Pull out every line below holding the word "Mini".

Collection entries:
★ ★ ★ ★ ★

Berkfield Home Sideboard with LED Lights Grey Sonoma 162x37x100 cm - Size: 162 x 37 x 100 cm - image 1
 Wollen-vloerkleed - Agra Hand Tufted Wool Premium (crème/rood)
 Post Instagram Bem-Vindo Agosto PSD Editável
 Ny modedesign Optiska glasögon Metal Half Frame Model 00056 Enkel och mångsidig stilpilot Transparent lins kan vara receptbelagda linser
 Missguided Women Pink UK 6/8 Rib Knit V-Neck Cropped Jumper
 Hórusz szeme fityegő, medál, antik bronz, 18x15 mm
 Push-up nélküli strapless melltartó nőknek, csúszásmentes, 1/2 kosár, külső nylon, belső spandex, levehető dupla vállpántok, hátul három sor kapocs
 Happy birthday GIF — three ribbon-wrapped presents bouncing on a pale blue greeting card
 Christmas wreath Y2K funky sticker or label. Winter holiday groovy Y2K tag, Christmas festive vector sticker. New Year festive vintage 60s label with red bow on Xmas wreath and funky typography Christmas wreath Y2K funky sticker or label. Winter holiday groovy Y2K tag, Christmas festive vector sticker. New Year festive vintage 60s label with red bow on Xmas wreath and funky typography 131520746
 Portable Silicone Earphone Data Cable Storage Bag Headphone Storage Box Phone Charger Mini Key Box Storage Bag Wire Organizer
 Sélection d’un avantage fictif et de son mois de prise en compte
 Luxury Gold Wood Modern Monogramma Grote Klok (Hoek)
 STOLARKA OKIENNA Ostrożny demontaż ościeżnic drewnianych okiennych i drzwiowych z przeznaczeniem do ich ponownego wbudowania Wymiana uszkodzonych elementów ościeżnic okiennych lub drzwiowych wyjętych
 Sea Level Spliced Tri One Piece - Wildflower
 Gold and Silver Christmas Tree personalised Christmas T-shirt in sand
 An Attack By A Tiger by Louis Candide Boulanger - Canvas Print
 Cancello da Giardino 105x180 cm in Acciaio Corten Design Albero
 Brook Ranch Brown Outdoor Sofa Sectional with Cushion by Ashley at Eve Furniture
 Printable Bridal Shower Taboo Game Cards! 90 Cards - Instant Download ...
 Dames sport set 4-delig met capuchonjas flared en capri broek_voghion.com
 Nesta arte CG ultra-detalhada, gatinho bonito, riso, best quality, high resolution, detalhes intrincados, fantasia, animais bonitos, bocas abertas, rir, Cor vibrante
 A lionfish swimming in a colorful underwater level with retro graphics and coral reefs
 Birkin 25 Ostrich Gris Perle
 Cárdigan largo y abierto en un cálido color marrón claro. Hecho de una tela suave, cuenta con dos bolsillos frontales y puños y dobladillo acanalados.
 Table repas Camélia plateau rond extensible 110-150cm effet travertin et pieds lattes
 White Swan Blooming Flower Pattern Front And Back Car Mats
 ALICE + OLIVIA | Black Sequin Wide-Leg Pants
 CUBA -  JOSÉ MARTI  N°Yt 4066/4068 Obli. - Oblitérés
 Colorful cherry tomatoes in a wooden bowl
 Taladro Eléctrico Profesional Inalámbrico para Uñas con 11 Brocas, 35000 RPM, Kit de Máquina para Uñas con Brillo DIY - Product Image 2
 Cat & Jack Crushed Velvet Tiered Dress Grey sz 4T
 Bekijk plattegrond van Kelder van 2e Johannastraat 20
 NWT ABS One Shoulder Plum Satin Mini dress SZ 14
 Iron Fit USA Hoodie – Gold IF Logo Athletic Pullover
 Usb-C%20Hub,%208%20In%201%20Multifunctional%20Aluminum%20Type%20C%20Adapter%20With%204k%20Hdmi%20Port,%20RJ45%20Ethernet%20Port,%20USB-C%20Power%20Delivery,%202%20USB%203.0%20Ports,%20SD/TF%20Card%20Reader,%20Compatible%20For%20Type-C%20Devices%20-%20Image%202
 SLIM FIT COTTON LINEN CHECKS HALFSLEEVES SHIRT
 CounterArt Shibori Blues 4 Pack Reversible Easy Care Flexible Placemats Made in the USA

★ ★ ★ ★ ★

Answer
 Portable Silicone Earphone Data Cable Storage Bag Headphone Storage Box Phone Charger Mini Key Box Storage Bag Wire Organizer
 NWT ABS One Shoulder Plum Satin Mini dress SZ 14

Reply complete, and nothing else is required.